Thailand’s Prime Minister Yingluck Shinawatra has survived a no-confidence vote in parliament by a wide margin following a heated debate on the government’s rice subsidy program and flood management budget.
Shinawatra comfortably survived the three-day debate in the lower house of parliament on Thursday, with 297 lawmakers voting in her favor and 134 against, amid ongoing protests against her administration.
The party headed by Shinawatra, the Puea Thai Party, and coalition partners dominate the house with 299 seats.
Leader of the opposition Democrat Party Abhisit Vejjajiva led the no-confidence motion against Shinawatra with attacks on her government’s rice-subsidy program, which pays farmers fixed prices for their crops far above market rates.
He also claimed that the embattled premier has allowed corruption to double under her administration since coming to power in July 2011.
The vote came as anti-government protesters continue to occupy ministries in the capital, Bangkok.
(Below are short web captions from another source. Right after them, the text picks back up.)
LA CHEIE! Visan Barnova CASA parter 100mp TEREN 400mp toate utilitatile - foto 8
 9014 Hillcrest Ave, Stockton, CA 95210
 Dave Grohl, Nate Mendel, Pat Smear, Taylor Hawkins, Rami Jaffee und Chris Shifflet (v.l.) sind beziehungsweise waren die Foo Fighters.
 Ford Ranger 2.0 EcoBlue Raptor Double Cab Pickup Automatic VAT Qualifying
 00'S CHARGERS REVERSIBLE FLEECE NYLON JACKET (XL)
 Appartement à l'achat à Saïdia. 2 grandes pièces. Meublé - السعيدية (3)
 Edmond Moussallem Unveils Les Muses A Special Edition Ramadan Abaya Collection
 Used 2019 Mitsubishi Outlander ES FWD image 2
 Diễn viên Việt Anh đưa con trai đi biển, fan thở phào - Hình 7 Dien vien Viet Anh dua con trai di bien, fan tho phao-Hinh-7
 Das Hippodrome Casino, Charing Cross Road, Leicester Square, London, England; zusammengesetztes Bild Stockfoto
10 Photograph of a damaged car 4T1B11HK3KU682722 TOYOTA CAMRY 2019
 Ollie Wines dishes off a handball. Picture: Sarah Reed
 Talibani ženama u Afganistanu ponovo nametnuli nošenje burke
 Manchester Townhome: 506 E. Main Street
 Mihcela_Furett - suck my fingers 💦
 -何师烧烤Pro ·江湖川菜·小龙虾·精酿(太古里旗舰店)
Over two dozen provincial government centers have been occupied by protesters.
Hundreds of Thai troops have been deployed outside the parliament to maintain security.
Police have issued an arrest warrant for opposition leader Suthep Thaugsuban.
On Wednesday, Suthep rejected talks with the government or other parties.
“No more negotiations,” Suthep told thousands of protesters outside four government ministries.
He added that he is ready to die for his country if the protests do not succeed.
The demonstrators are demanding the resignation of Shinawatra and accuse her administration of being controlled by her brother, ousted Prime Minister Thaksin Shinawatra.
Protests began in Thailand last month over a government-backed bill that granted amnesty to Thaksin. The government was then forced to abandon the amnesty effort.
Thaksin was toppled in a military coup seven years ago, following allegations of corruption. Since then, Thaksin has lived in a self-imposed exile to avoid a prison sentence.